Ransomware after all who pays the ransom?

According to Tony Anscombe, the head of public safety information at the company ESET cybersecurity, the answer to the question is: "probably yes".

In his article, Tony Anscombe from ESET talks about who ultimately pays the ransom when cybercriminals who have stolen or blocked valuable and data from business systems, blackmail them and finally the businesses give in and pay the amount.ransomware

These attacks are called press attacks ransomware where "ransom" means "ransom".

Just imagine for a moment, says Anscombe, that you go to to buy something for 100 euros. Depending on where you are in the world, sales tax may need to be added to the checkout and your receipt will show €100 for the goods and maybe plus €10 for tax, totaling €110.

The company selling the product must make a profit and cover its expenses, which may include staff wages, facility costs, insurance, and many others related to its operation.

But when a company has fallen victim ς ransomware and has decided to pay a ransom to cybercriminals to regain access to its systems or to keep data from being leaked publicly or its data from being sold to web, this is considered a cost of doing business and is a cost that should be built into the final price of its product or services paid by customers.

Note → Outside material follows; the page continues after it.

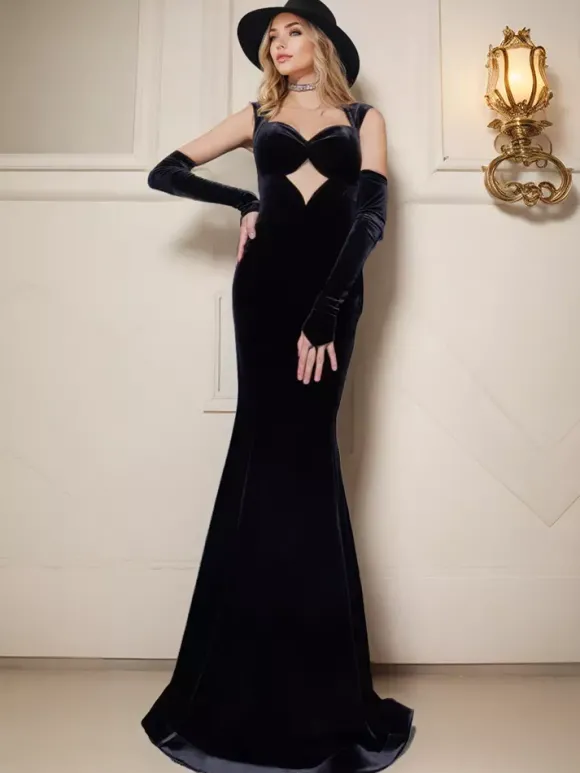 Robe de soirée en velours coréen à col en c艙ur avec traîne plissée robe de soirée formelle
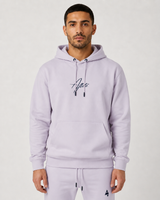 Model wearing the mauve AFLETE Urban hoodie 016, hoodie front view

So what would you think if in the receipt for the purchase you made you saw that the company somehow finances cybercrime in the following way: product 100 euros, tax 10 euros, donation to cybercriminals 2,50 euros? "I suspect, and I hope, that you would challenge the charge and react. I would, however, do it. " says Tony Anscombe of the cybersecurity company.

Of course, the companies would probably have replied: "It does not matter, we are insured for cybersecurity risks and our insurance company will pay most of the ransom". This may well be the case, but the company must pay the insurance company that works based on the likelihood of risk when charging a premium.

That is, if the insurance companies insure 10 companies and one in 10 of them falls victim to ransomware attack, then the receipt from one of these 10 companies will show the transaction of 100 euros, 10 euros tax, plus a donation of 2,5 euros to cybercriminals, paid through the insurance company. The money to pay the ransom ultimately comes from you, the consumer.

According to an article in The Hill, in response to a question from U.S. Sen. Mazie Hirono, FBI Assistant Director of Cybercrime Bryan Vorndran said: "We believe the solution is not to ban ransomware companies from paying the ransom ”. Because probably, they will end up paying the ransom secretly without reporting the fact of the cyber attack to the authorities.

Apparently this is why the Senate Justice Committee seems to be proposing as a solution to encourage companies to report such attacks to the Authorities and not to impose a ban on ransom payments.

There are many questions around this issue, and one thing is for sure: the controversy over whether or not to pay ransomware ransomware attacks is by no means over. This is of course a good thing - because with the discussion and the different opinions a safer conclusion will emerge.

Until then, however, it is likely that we consumers will see prices for goods and services rise so that companies can continue to pay ransom to blackmailers, either directly or through their insurance companies.

"I leave you with the words of Margaret Thatcher on October 14, 1988," concludes the ESET expert.

iGuRu.gr The Best Technology Site in Greecefgns

every publication, directly to your inbox

Join the 2.100 registrants.
ransomware, iguru

Written by newsbot

Although the press releases will be from very select to rarely, I said to go ... because sometimes the authors are hiding.

Leave a reply

Your email address is not published. Required fields are mentioned with *

Your message will not be published if:
1. Contains insulting, defamatory, racist, offensive or inappropriate comments.
2. Causes harm to minors.
3. It interferes with the privacy and individual and social rights of other users.
4. Advertises products or services or websites.
5. Contains personal information (address, phone, etc.).